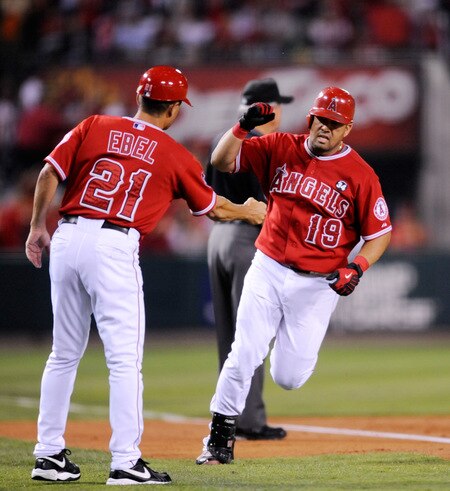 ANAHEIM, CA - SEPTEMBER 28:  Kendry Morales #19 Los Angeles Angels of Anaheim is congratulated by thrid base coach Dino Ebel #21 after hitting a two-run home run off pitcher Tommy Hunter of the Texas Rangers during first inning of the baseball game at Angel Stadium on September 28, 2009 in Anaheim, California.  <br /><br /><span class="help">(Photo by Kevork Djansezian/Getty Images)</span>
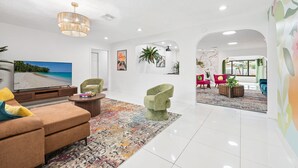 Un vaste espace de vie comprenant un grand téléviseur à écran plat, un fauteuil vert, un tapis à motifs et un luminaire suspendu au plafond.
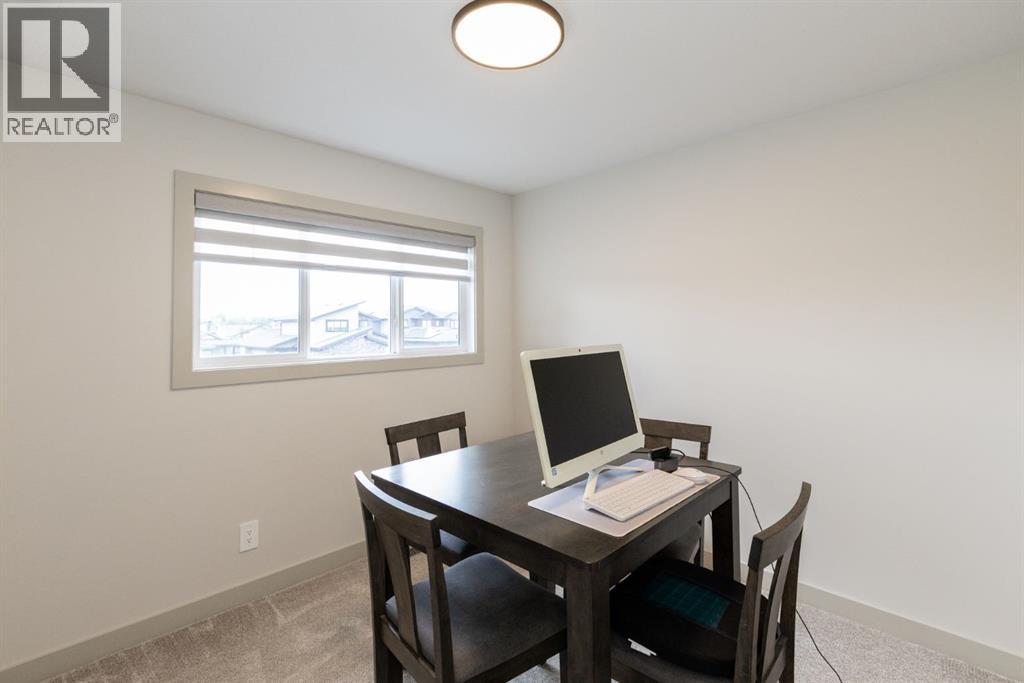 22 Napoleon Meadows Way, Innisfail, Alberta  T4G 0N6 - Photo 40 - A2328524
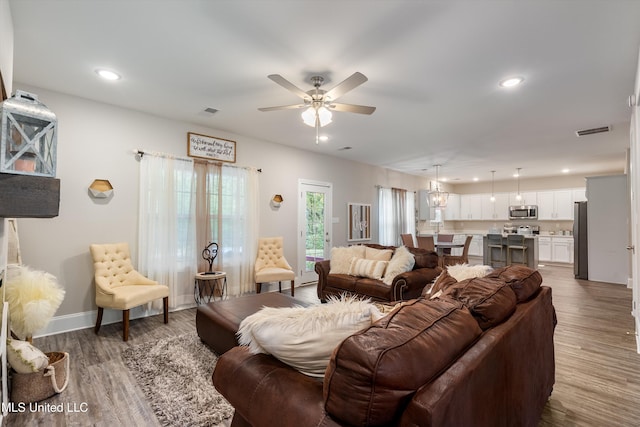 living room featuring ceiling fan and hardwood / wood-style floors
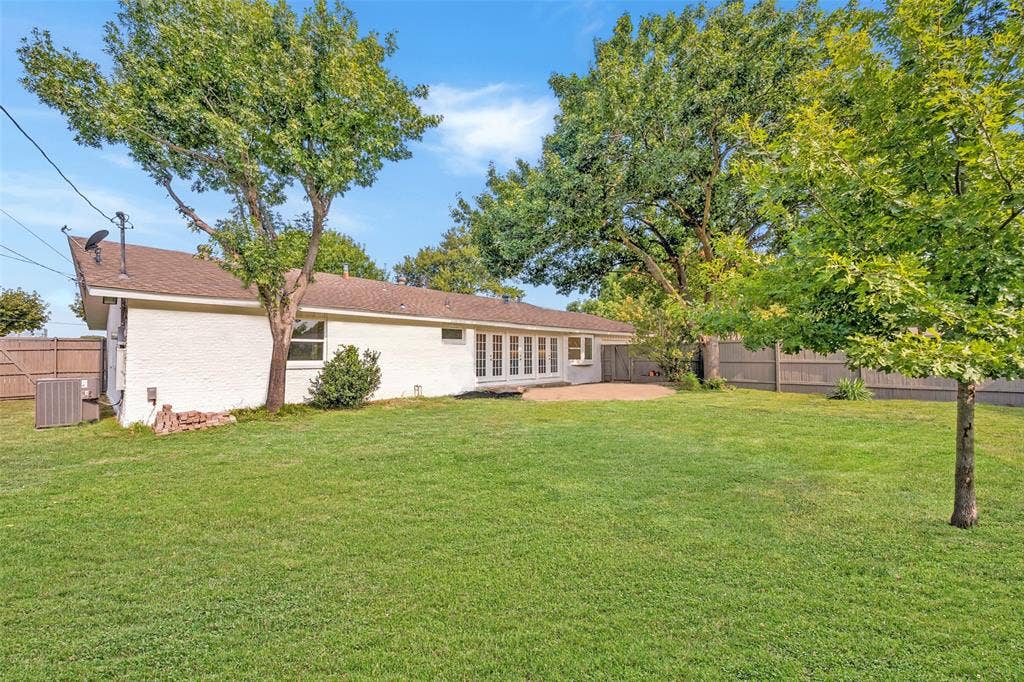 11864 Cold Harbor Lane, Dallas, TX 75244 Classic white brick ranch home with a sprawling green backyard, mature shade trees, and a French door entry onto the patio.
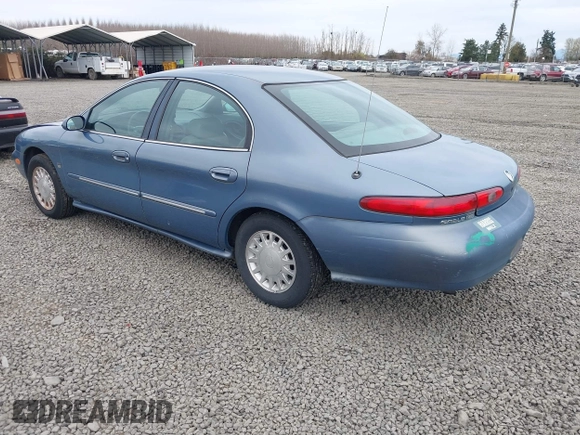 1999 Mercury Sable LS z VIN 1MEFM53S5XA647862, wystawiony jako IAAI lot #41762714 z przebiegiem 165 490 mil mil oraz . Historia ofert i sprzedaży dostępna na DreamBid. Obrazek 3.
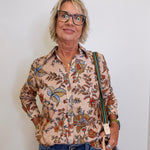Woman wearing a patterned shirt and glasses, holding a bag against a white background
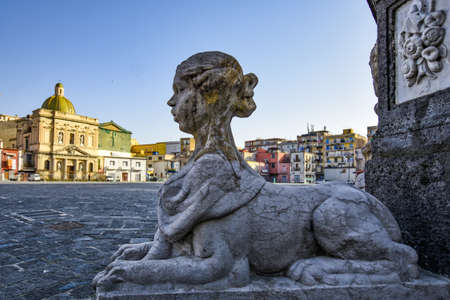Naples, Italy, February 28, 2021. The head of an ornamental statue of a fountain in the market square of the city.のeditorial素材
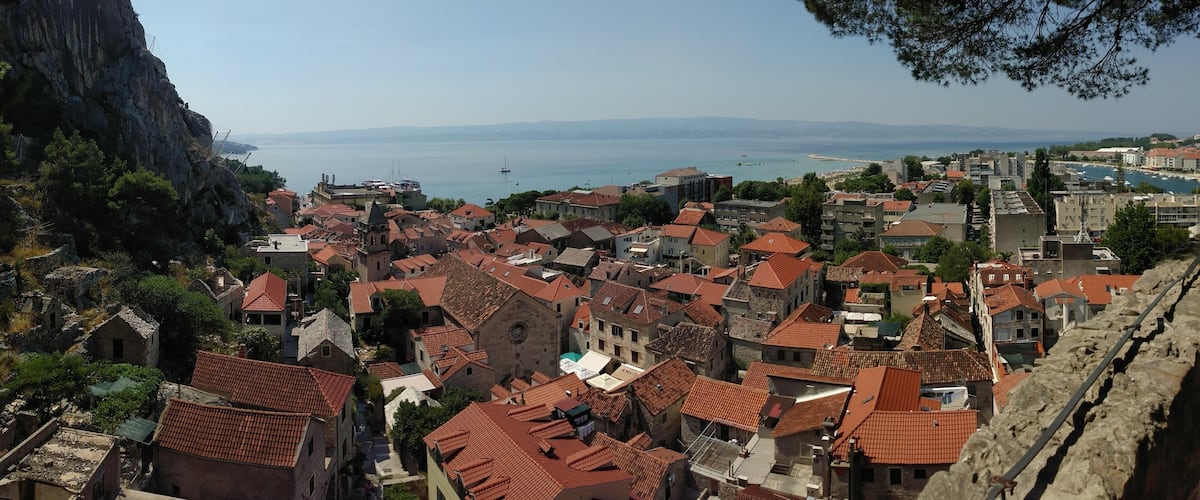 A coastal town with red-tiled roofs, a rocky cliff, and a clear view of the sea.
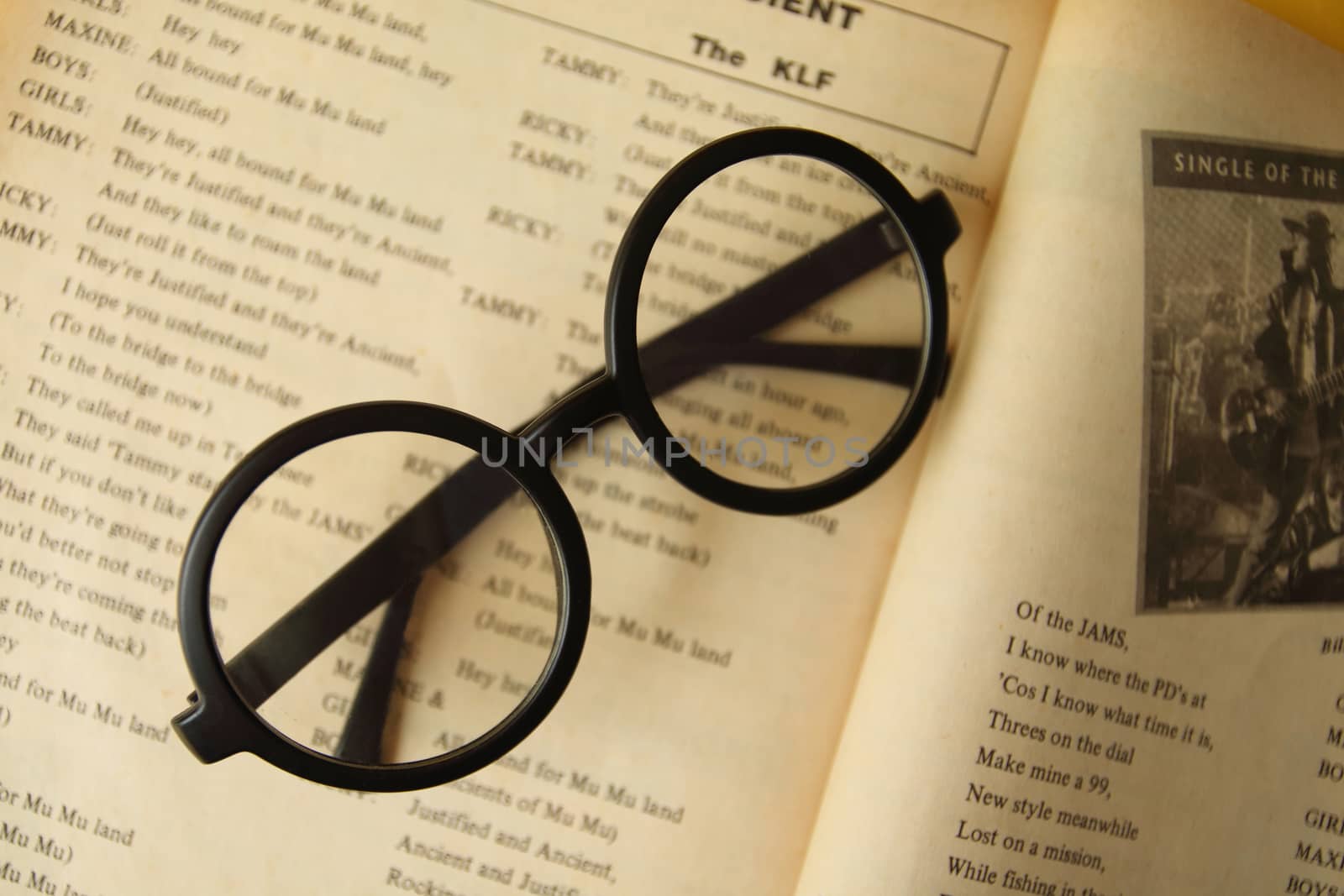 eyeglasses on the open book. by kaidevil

•••

● **WORK REQUEST**: Restate the data exactly, though only from the line that contains "A coastal town" through its last line, both ends included and with the pictures left out.

● **ANSWER AREA**:
 A coastal town with red-tiled roofs, a rocky cliff, and a clear view of the sea.
 eyeglasses on the open book. by kaidevil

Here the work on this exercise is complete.